Surely what Gloria thinks she saw can't be possible, so she decides to test it at 8:05AM the next morning. After mapping out the closest approximation of which parts on Seoul are represented by which sections of the playground, she stands there and makes a series of hand gestures.

Over in Seoul, the creature makes the exact same gestures.

Well, that's either a huge coincidence or she is somehow controlling a monster. So the only thing for it is to say, "Hold my beer and watch this." After another night of drinking in the bar, she has Oscar, Garth, and Joel follow her to the playground and reveals, via dancing like a goofball, that she is the monster.

Actually, that's not shocking: Korea has been subjected to the horror of dancing kaiju before.
The others are, naturally, astonished. Everyone is having a little too much fun with all of this until the Korean military starts shooting at the monster--and Gloria feels it. Well, it doesn't hurt her much, but she's drunk and starts swinging her fists wildly until she hits a helicopter and it crashes into the monster's forehead.
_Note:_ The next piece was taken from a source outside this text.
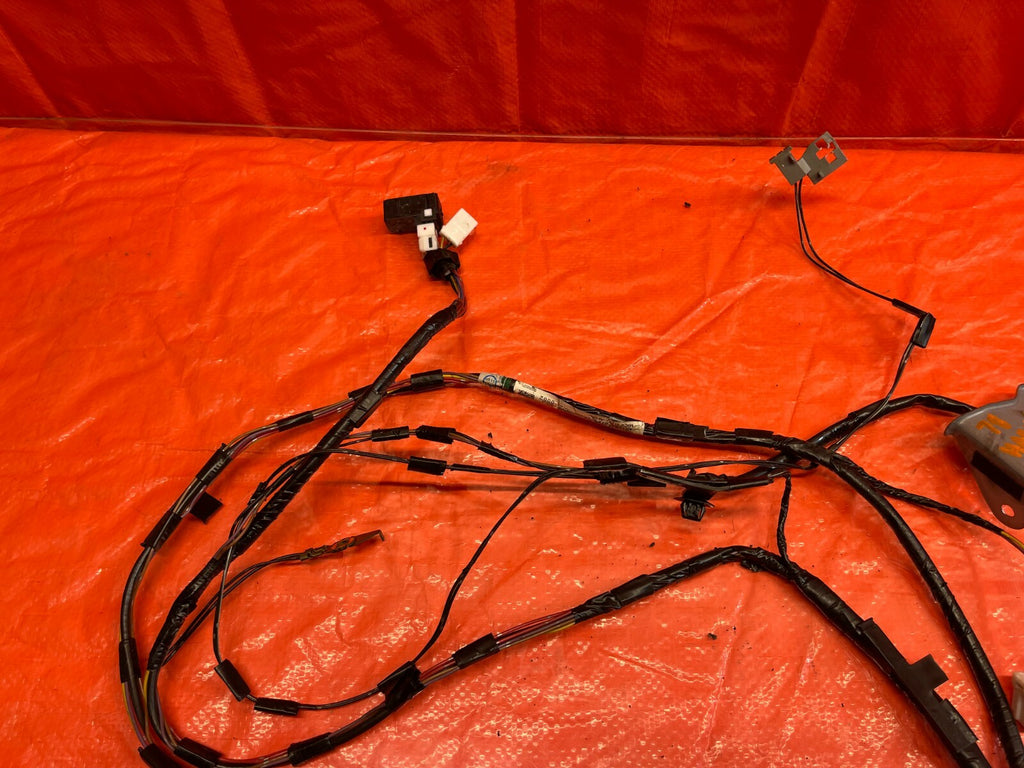 08 15 LANCER EVOLUTION X EVO 10   ROOF WIRE HARNESS WIRING LOOM   OEM #786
"Aw, man, I just polished my horns!"
When it dawns on Gloria that helicopters have pilots, she suddenly remembers that the monster killed hundreds in its initial appearance. Suddenly, making a kaiju do a silly dance in a densely populated city isn't fun any more and she panics, trying to figure out how to safely extricate herself from the playground/Seoul as Oscar tries to calm her down.

Unfortunately, she trips and falls.

When she wakes up on her futon, Oscar walks in with the newspaper. Gloria, panicked, demands to know how many she killed. Oscar is reluctant to tell her, but finally reveals that things didn't really play out the way she or anyone expected. As the newspaper headline states, the monster was not alone--and the accompanying photo reveals that it was mysteriously joined by a giant robot.

A giant robot right where Oscar was standing.

Oscar thinks it was awesome, but Gloria wants no part of this any more. Oscar knows a Korean barbecue proprietor nearby and at her request he has the man translate some phrases into hangul. This is one of the few glimpses into the horror Gloria has caused here, as she sees the proprietor and his wife holding each other while staring forlornly at a TV screen next to a sign asking for donations to help Seoul.

In monster form, Gloria carves the hangul message into the payment, apologizing for her actions and swearing it will not happen again. the world at large is astounded and begins to regard the monster as an intelligent hero of some sort.

On a whim, Gloria closes the night by going home with Joel for a one night stand. As she tries to make her escape in the morning, however, she sees that the robot has reappeared in Seoul and is gingerly walking around in order to terrorize the business district but trying not to squash anyone. Desperate to stop him, Gloria has Joel drive her to the playground. When Oscar, jealous and mad with power, refuses to leave she walks onto the playground and slaps him before ordering him out of the area.

In Seoul, this means the monster orders the robot away and everyone hails the kaiju as a hero and starts making memes of the slap. Oscar, however, laughs a little too much at the memes. He also suddenly turns cruel, ordering Gloria around more than necessary and mocking Garth for being a recovering junkie. When Gloria refuses to have a beer, since she has sworn off alcohol on account of the danger she represents when drunk, Oscar gets even angrier.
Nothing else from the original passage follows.